PID theory: Non-linear systems
More than any other section of this tutorial, you should treat this one as broad background rather than as instructions to be specifically applied. Even highly experienced control engineers tread VERY carefully when the word 'nonlinear' pops up. Amazingly, even with today's technology, there are no formal ways for dealing with nonlinear systems, and adding nonlinearity to a control system can cause very unpredictable behaviour. Basically, your approach should be to identify possible nonlinearities within your application - if it looks like there aren't any (careful, they're very good at hiding), breathe a sigh of relief and proceed. If there are, proceed anyway but consider getting some assistance if your application is critical.
A non-linear system, in the context of closed loop control, is a system that contains elements whose output versus input graph is not a straight line. We are not talking here about the output versus time, but rather the final steady state output for a given input.
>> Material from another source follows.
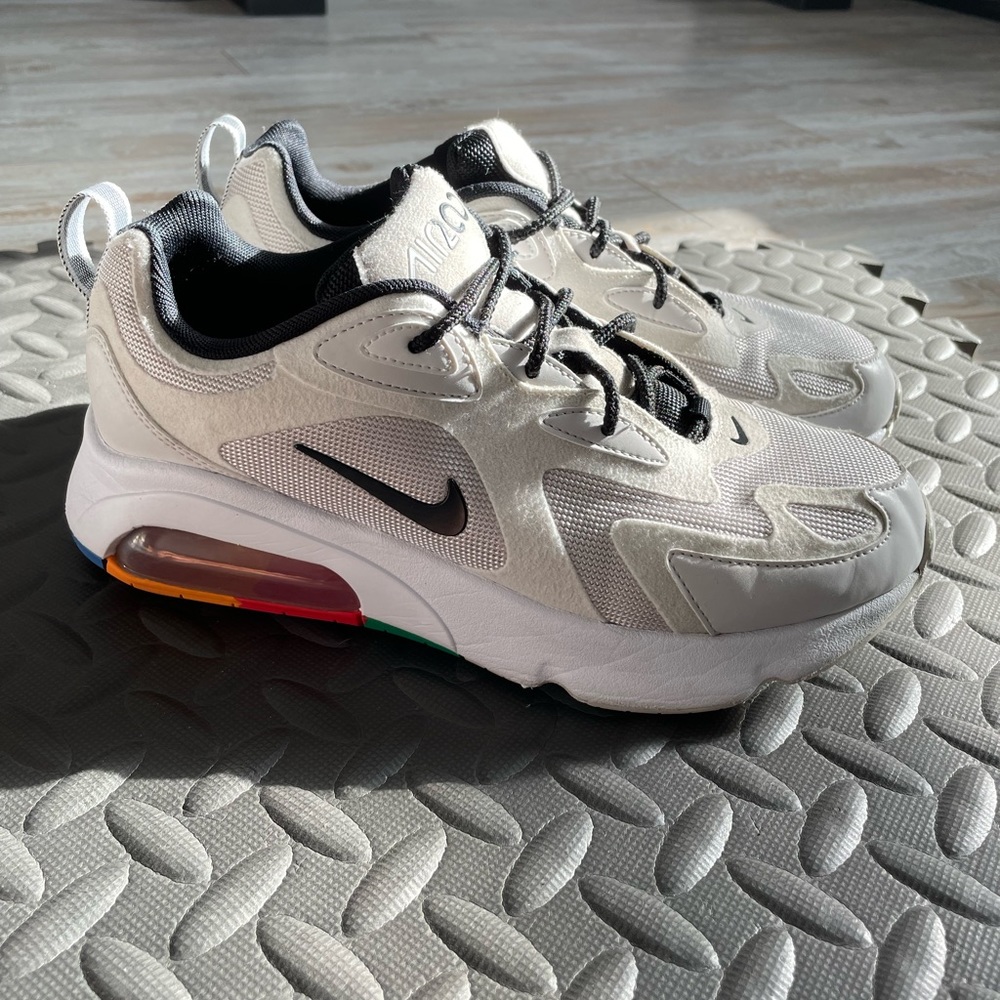 Air Max 200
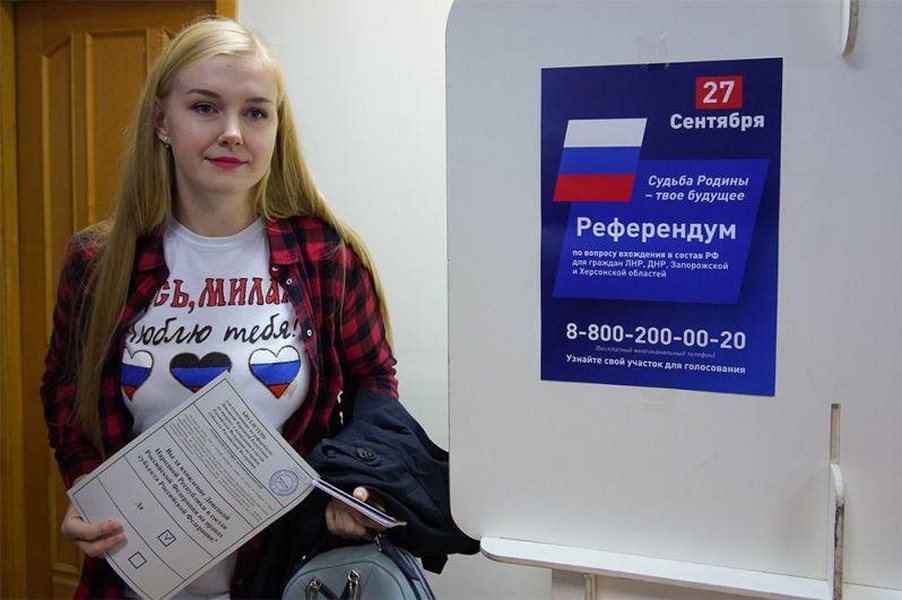 Nga bất ngờ hoãn sáp nhập các vùng lãnh thổ Ukraine đã 'trưng cầu dân ý'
Consider our electric kettle. Suppose we connect it into a control system with a temperature sensor and an electronically controlled "dimmer" that produces an output voltage proportional to its input control voltage. Suppose the temperature sensor is linear (its output voltage is directly proportional to temperature). So we have a linear sensor and a linear element voltage versus control. Is the overall system therefore linear?
No, it's not. For a start, the heat generated by the element is proportional to power, not voltage. And for a resistive element power is voltage squared divided by resistance. So right there we have a square law not a linear law.
Secondly, remember we determined that our kettle needed 200W to hold the water temperature at 80Cº, (60ºC above an ambient of 20ºC). The kettle had a 2000W element. Hence, if we turn on full power the water will heat up by 10 times as much, i.e. 600ºC.
Hang on, hang on. Heat water up by 600ºC?
Water boils at 100ºC, so what happens if we pour 2000W continuously into the kettle? The water will boil, and at 100ºC it will get no hotter. Instead, the energy will all go into turning the water into steam, until it has all boiled away and we have a melted down kettle to explain to our spouse. Clearly, the temperature versus power graph flattens out at 100ºC, so temperature ceases to be proportional to power or to the square of voltage.
The graph shows the temperature in green, plotted against voltage expressed as a percentage of full voltage (120V or 240V, take your pick). The magenta plot is the "gain" of the kettle. Gain is the slope of the temperature versus voltage graph, and indicates the sensitivity to a voltage change. Gain varies with voltage. Below about 33% gain increases from zero to some maximum. It then drops sharply to 0.
The flattening of the green curve above 33% of voltage is called saturation or limiting (or boiling or melt-down in the case of our kettle).
All real systems saturate at some point. Nasty things can happen in a control system if you hit saturation. That means you need to carefully consider how and when your system may saturate, and make sure it will not go berserk if saturation is unavoidable at some time. If saturation is possible you will need to devise tests to force it into saturation to check its behaviour is acceptable.
Getting back to the non-linear gain (i.e. gain that varies across the operating range). Later you will learn that gain is one of the important parameters in a PID controller. The more gain, the more the system (controller + process) will tend to become unstable and oscillate. The less gain the less accurate the system will tend to be. You may therefore need to plot the gain of your process and then simulate and test at several points using the gain figures. You will also have to evaluate possible changes in gain due to external influences like temperature, supply voltage, friction or whatever.
The PIDassist program allows you some ability to simulate saturation but not other non-linearities. It also lets you set the gain of the simulated process.